To reveal the crystallographic orientation dependence of material removal in the nanoscratching, three commercially-provided single crystalline copper samples with different surface orientations of (010), (110) and (111) are considered. The 2θ-diffraction angles obtained from the X-Ray diffraction for the (010)-, (110)- and (111)-oriented single crystalline copper are 50.4, 43.36 and 74.18^。, respectively. All the three copper samples have the same dimension of 10 mm × 10 mm × 1 mm, and the measured surface roughness (R_a) is less than 5 nm.

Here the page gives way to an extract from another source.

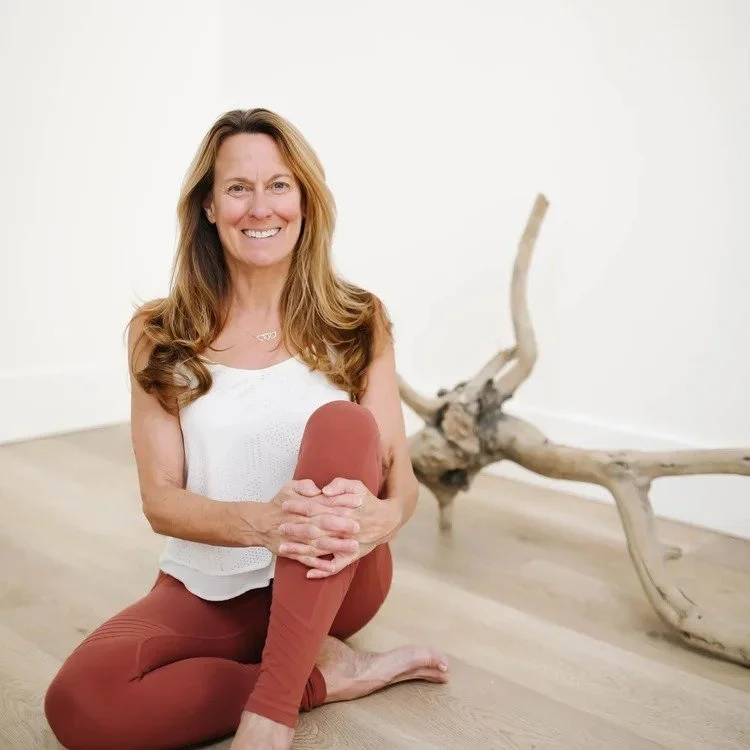 A woman with long, wavy, light brown hair sitting on a wooden floor in a yoga pose, smiling, with a white wall and a piece of driftwood in the background.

For each sample, six normal loads (20.6, 28.9, 37.2, 45.4, 53.7 and 61.9 μN) are considered.

2.2 Simulations

In addition to the nanoscratching experiments, MD simulations of load-controlled multi-passes nanoscratching of single crystalline Cu(010), (110) and (111) surfaces are also performed by using the LAMMPS code with an integration timestep of 1 femtosecond [27]. Fig 1(C) presents the MD model of the nanoscratching, which consists of a copper sample and a triangular pyramidal diamond probe. Each sample has a dimension of 28 nm, 7 nm and 14 nm in X, Y and Z directions, respectively. Periodic boundary conditions are only applied in lateral X and Z directions, and the bottom of the sample along Y direction is fixed in space. The atomic interactions in copper sample are described by an EAM potential developed for Cu [28], and the interactions between carbon atoms and copper atoms are described by the Morse potential [29].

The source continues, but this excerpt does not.